Professor Noob's Daily Disquisitions

Friday, March 27, 2009

This Post Would Get Me Fired, If I Was Getting Paid

You know, I consider myself pretty competent at dealing with asshat students by now. Despite the threats that are aired in this online journal, I am actually quite a mild-mannered teacher: the Clark Kent of pedagogy, if you will (except that if I ever wore my underwear outside my pants, I'd be fired. And then sued for traumatizing the poor little kiddies, all of whom have had sex and not a few of whom are parents). Still, I've learned how to shut Ms. Mouth down and how to not make such a public fuss if someone isn't doing their work. It helps that my students have actually cleaned up their act somewhat and keep their sass to reasonable bounds.

Until today, when I decided to try and have an actual conversation with them. They'd just attended an assembly, during which members of the community (actually, they were all from the casino) and elders of the tribe spoke. I was fascinated by the elders' stories about the days before running water, before electricity, before spanking was verboten, before entitlement and snowflakery.
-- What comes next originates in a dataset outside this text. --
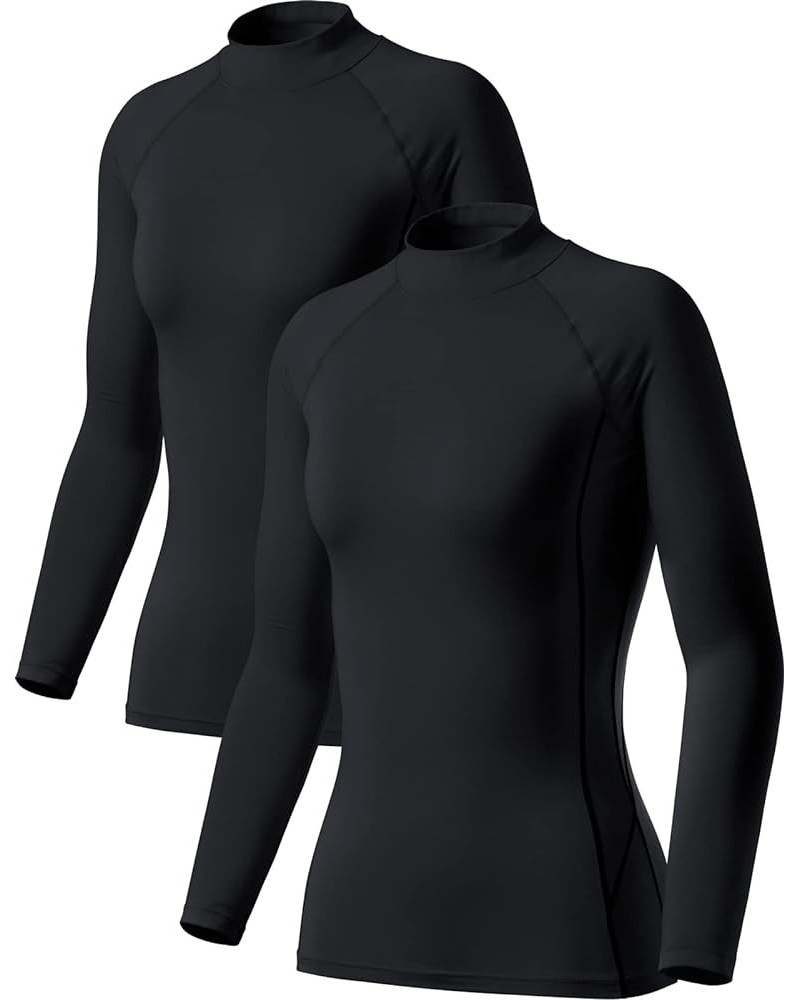 1 or 2 Pack Women's Thermal Long Sleeve Tops, Mock Turtle & Crew Neck Shirts, Fleece Lined Compression Base Layer Heat Core M...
The students, who have listened to their elders' sing-song voices lecturing them about respect since they were in the womb, were less impressed. In fact, it seemed to make them cranky.

So when I asked in class, "What did you think of today's assembly?" the first response I got back was, "What kind of question is that?" One that requires effort, apparently, and is therefore a Stupid Teacher Question.

The "conversation" rapidly degenerated into:

Me: [in my brisk, professional "teacher" voice]. Stop that tapping, "Mutter". I find it annoying.
Mutter: I think you're annoying.
Me: [finally snapping a little under the pressure of the continual rudeness]. You're funny. I laugh at you, you know.
Mutter: I laugh at you. We ALL laugh at you.
Me: [still smiling] Really? Why would you do that?
Mean Girl: Because you're ugly.
Me: [still smiling, because I don't know what else to do] Well, I know that isn't true.

What was I supposed to do? Beat them? Yell at them? Send them into the hallway (can't, last time I did that they blocked the hall doors with desks). Dock their grades? Write them up? Probably one of the above would be the correct response. But I, stunned by their sheer fuckwittery, by their stupid rudeness and their bitchy, fragmented, hate-driven little minds, didn't do anything except keep talking.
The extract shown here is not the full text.